Activity
When you transcribe the listing that follows, keep every line exact and omit the pictures.

Information shown
* * *

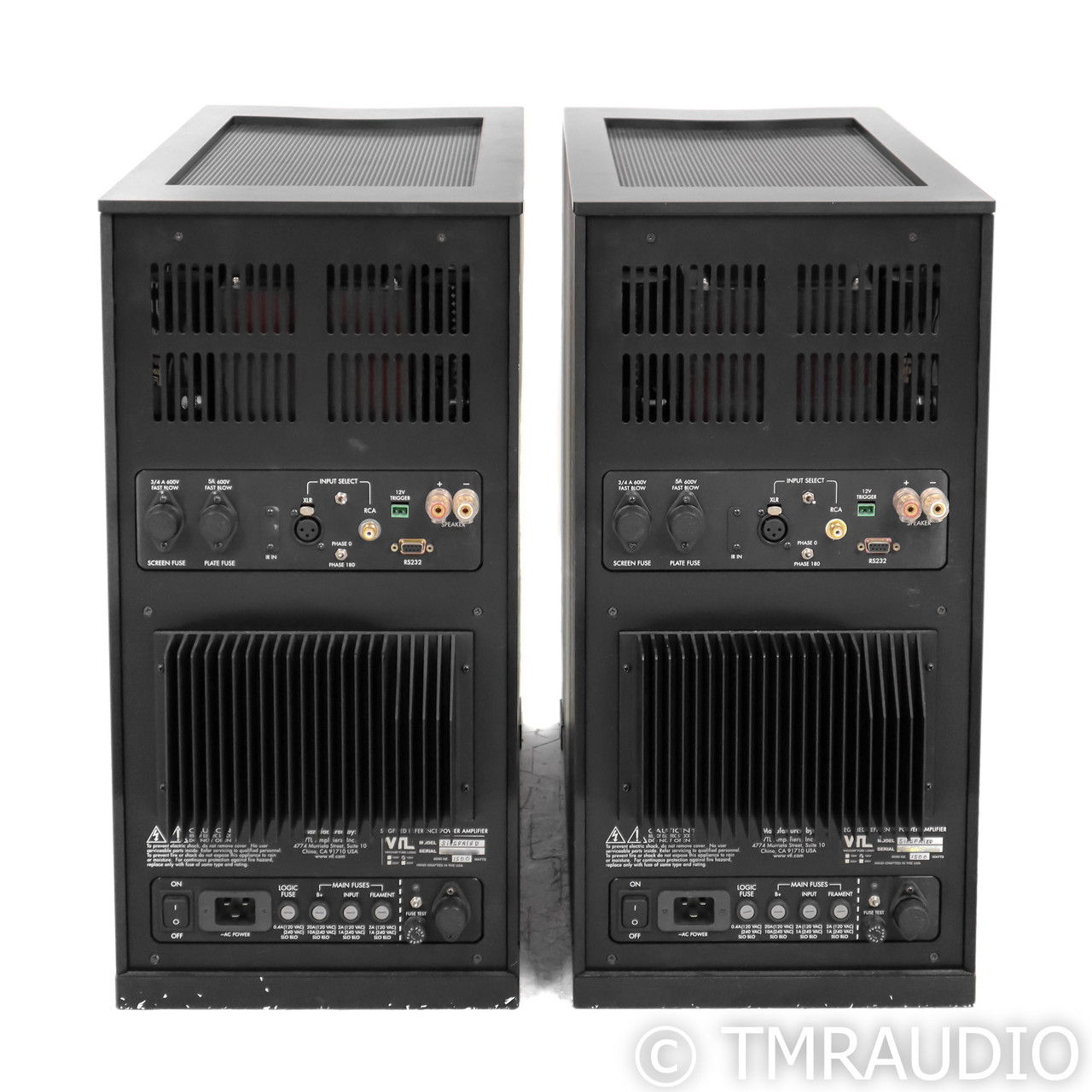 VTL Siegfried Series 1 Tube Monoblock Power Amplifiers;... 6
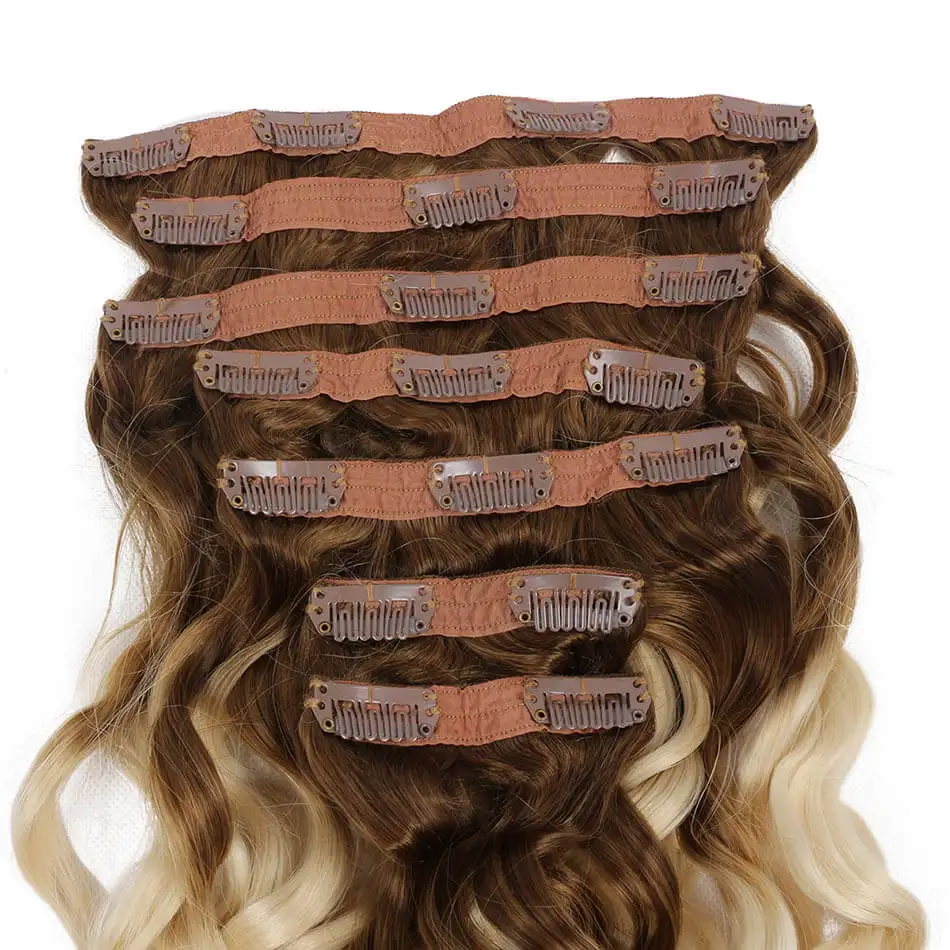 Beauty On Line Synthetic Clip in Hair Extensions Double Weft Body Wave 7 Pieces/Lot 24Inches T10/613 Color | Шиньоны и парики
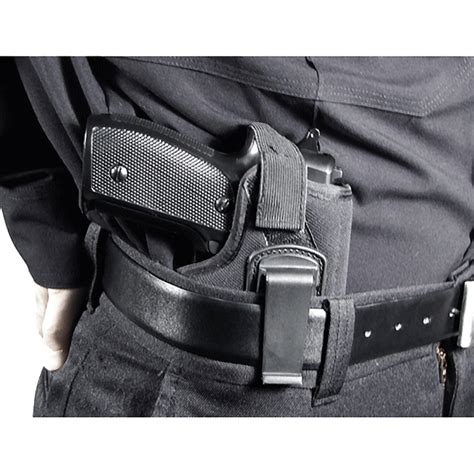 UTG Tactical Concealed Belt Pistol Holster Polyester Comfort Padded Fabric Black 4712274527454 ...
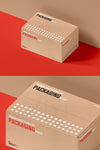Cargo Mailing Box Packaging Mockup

* * *

Solution to this problem
 VTL Siegfried Series 1 Tube Monoblock Power Amplifiers;... 6
 Beauty On Line Synthetic Clip in Hair Extensions Double Weft Body Wave 7 Pieces/Lot 24Inches T10/613 Color | Шиньоны и парики
 UTG Tactical Concealed Belt Pistol Holster Polyester Comfort Padded Fabric Black 4712274527454 ...
Cargo Mailing Box Packaging Mockup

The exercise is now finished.